Maya Donceva, senior industry analyst for food ingredients at Rabobank International, holds that as financing has become easier to secure, there could be a rake of takeovers of the small and medium enterprise (SME) speciality players in the sector over the next 12 months.
She told BakeryandSnacks.com that as management teams in companies involved in the bakery ingredients sector start to focus on setting up structures that make their businesses more resilient to volatility, SME bakery speciality suppliers in Belgium, Germany and central and eastern European countries, in particular, could become acquisition targets.
“A lot of these smaller players such as Sonneveld and Unifine represent an attractive takeover proposition for the larger supplier companies in that they have global production and R&D facilities as well as a wide distribution network and an interesting product portfolio,” said Donceva.
However, she said that currently there is no indication of these SMEs being open or available to any acqusition offers.

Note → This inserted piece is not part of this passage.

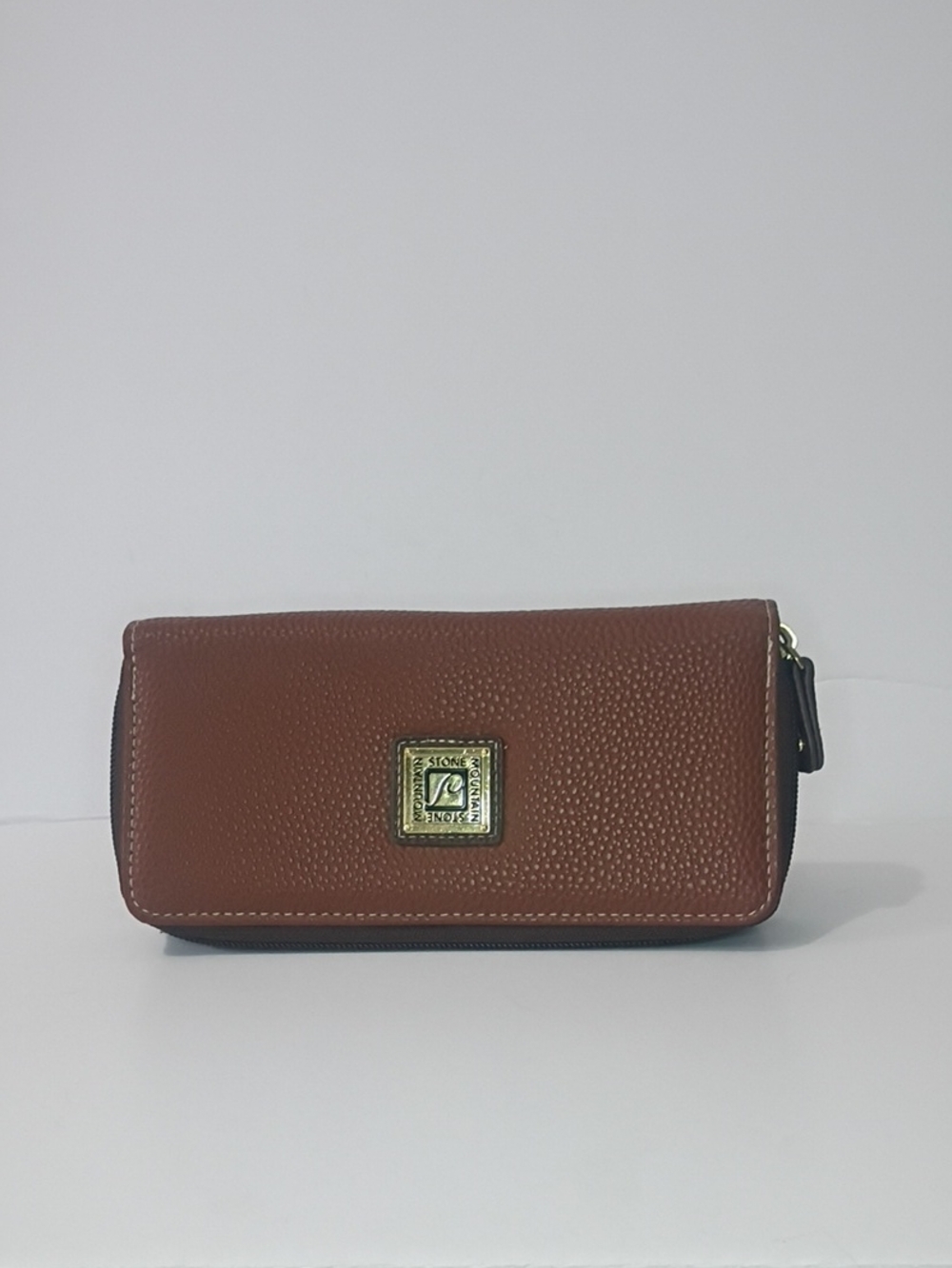 Stone Mountain Accessories Brown Leather Zip Wallet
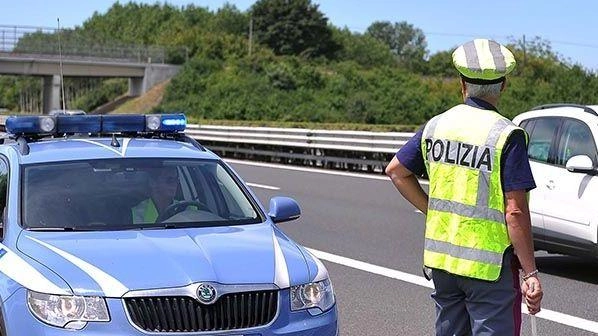 Agenti a presidio delle strade: contro la guida in stato di ebbrezza Agenti a presidio delle strade: contro la guida in stato di ebbrezza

Donceva maintains that consolidation for firms like family owned companies such as Sonneveld can offer opportunities to tap into faster growing niches and markets, to widen portfolios to spread risk, to team up with stronger partners, and to reduce production costs.
And, according to the market analyst, bakery manufacturers can gain from suppliers having these bigger economies of scale from acquisition due to the fact that the synergy savings will likely lead to lower costs of ingredients and will also result in more investment in innovation.
And Donceva said that bakery ingredient manufacturers generally rode out the peak of the recession well despite a decline in volumes and the reduction in overall margins.
She remains somewhat cautious though about short term recovery in the bakery sector, a statement that echoes the comments from CSM chief executive Gerard Hoetmer last week.
“Our bakery supplies activities are still facing a challenging market climate, although we have seen the declining volume trend levelling out,” he reported as first quarter CSM results for the year showed a decline in volumes by 1.2 per cent on Q1 2009.
Hoetmer said that there were no immediate signs that markets are definitely picking up but that the company remained focused “on maintaining our margins and on managing our cost base and continue our efforts to stimulate growth through innovation.”
And CSM, which supplies ingredients to semi-finished and frozen, almost-ready and ready-made products to artisan and industrial bakeries, stated that due to the continuing volatile economic climate in the main markets that it operates in, it still lacks the visibility to clearly forecast the development of sales volume over the next three quarters.